If required by the Board of Directors, he shall give the Corporation a bond
(which shall be renewed every six years) in such sum and with such surety or
sureties as shall be satisfactory to the Board of Directors for the faithful
performance of the duties in his office and for the restoration to the
Corporation, in case of his death, resignation, retirement or



                                       10



removal from office, of all books, papers, vouchers, money and other property or
whatever kind in his possession or under his control belonging to the
Corporation.

     Section 9. Subordinate Officer. In addition to the officers enumerated in
this Article V, the Corporation may have such other officers, agents and
employees as the Board of Directors may determine, including one or more
Assistant Secretaries and one or more Assistant Treasurers, each of whom shall
hold office for such period, have such authority and perform such duties as the

Board of Directors may from time to time determine.

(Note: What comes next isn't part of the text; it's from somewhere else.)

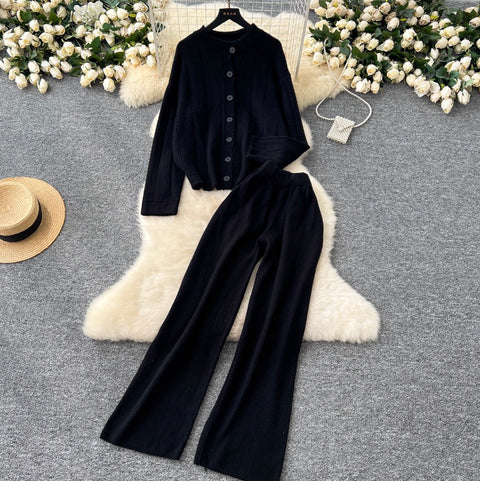 Cardigan & Trousers Thickend Knit 2Pcs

The Board of Directors may
delegate to any principal officer (that is, an officer whose office is
enumerated in Sections 3, 4, 5, 6, 7 or 8 of this Article V) the power to
appoint or remove any such subordinate officers, agents or employees.

     Section 10. Removal. Any officer may be removed, either with or without
cause, by the vote of a majority of the directors then in office at a meeting
called for the purpose or, except in case of any officer elected by the Board of
Directors, by any officer upon whom the powers of removal may be conferred by
the Board of Directors.

     Section 11. Resignation. Any officer may resign at any time by giving
written notice to the Board of Directors or to the Chairman of the Board of
Directors, the President, a Vice Chairman of the Board of Directors or the
Secretary of the Corporation. Such resignation shall take effect on the date of
receipt of such notice or at any later time specified therein; and unless
specified therein, the acceptance of such resignation shall not be necessary to
make it effective.

     Section 12. Vacancies. A vacancy in any office because of death,
resignation, removal, disqualification or any other cause shall be filled for
the unexpired portion of the term in the manner prescribed in these By-Laws for
regular election or appointment to such office.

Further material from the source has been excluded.